Tuesday, August 24, 2010
Tangled Apron Strings
On an another note (a coincidental one), this is Fiona's first day of Kindergarten. She has been a nervous wreck for weeks, but this morning, in her new uniform, she seemed OK. She was ready to jump that hurdle and get on with it. There was no angst in sight. Was she holding it all in, like she usually does? Yes, most likely.
Laura was in charge of getting her on the school bus. Fiona insisted on riding the bus on her first day. Mainly because her friend, our neighbor, was going to sit with her and hold her hand. Which she did.
I went to work, nervous for her, but confident that she would be safe. Man, was I ever wrong.
The bus was hit by a FREAKIN' CAR! On her first day. Police was called. The kids had to board a different bus, even though we told her to NEVER get on a bus if it wasn't bus #58. Her bus. Well, her bus is no longer safe.

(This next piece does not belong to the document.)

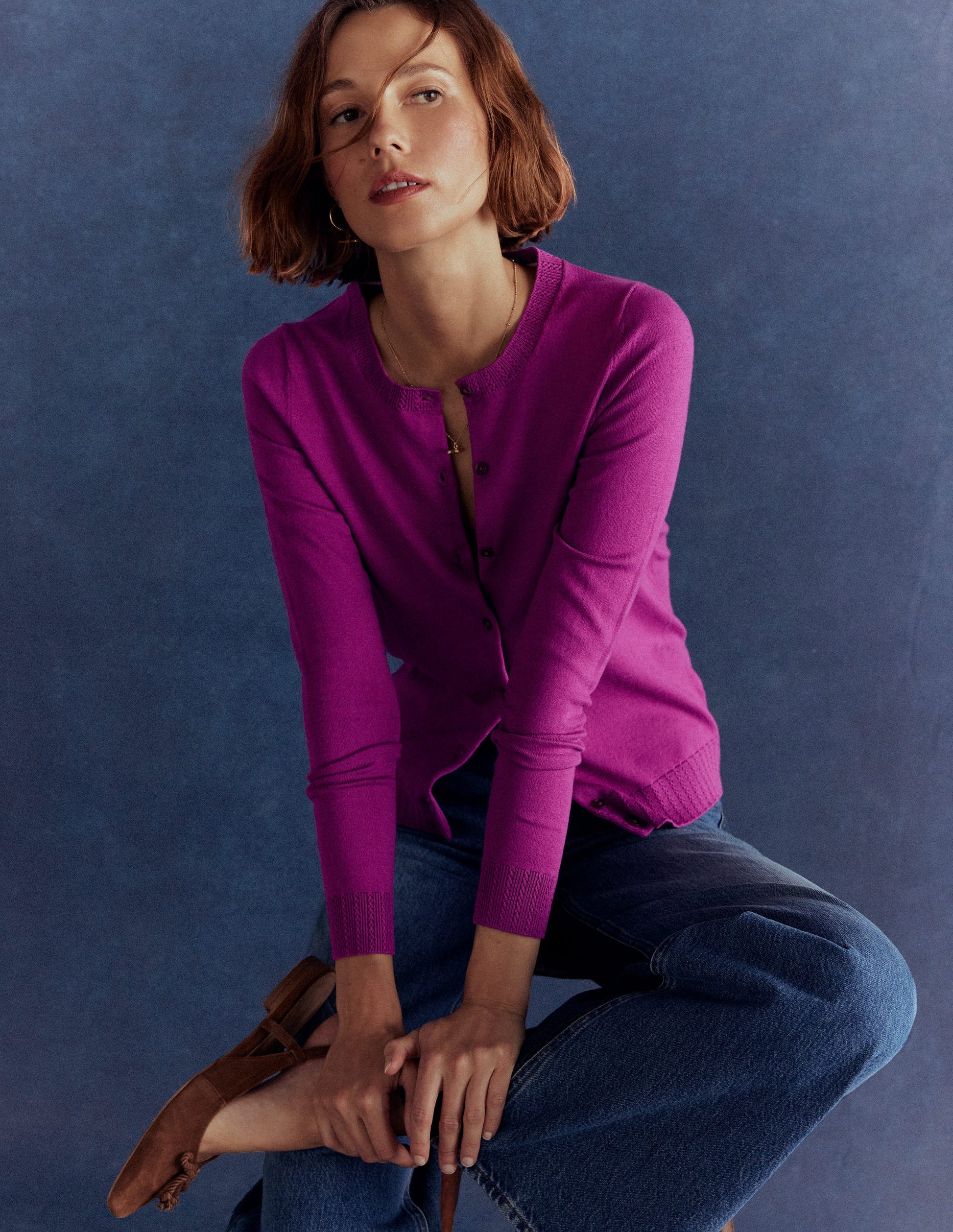 Emilia Cotton Crew Cardigan-Regal Purple-6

Laura was going to meet her at the school. So she waited. And waited. And talked to the principal, because she's friendly. And waited.
The bus finally arrived, at 9:15 a.m. School starts at 8:55 a.m. Fiona seemed OK, but in a daze. The school greeters were offering doughnuts (because that's a healthful way to start your first day of school).
She made it through this day, despite the unforseen mishap and nerves and excessive sugar. She made three friends. Her only complaint was that her clothes are too slippery. She kept sliding off the bus seat.
And so, with this momentous milestone, I feel a shift. As though a part of me is slowly detaching. And along with this feeling of separation comes a mysterious pain in my belly button.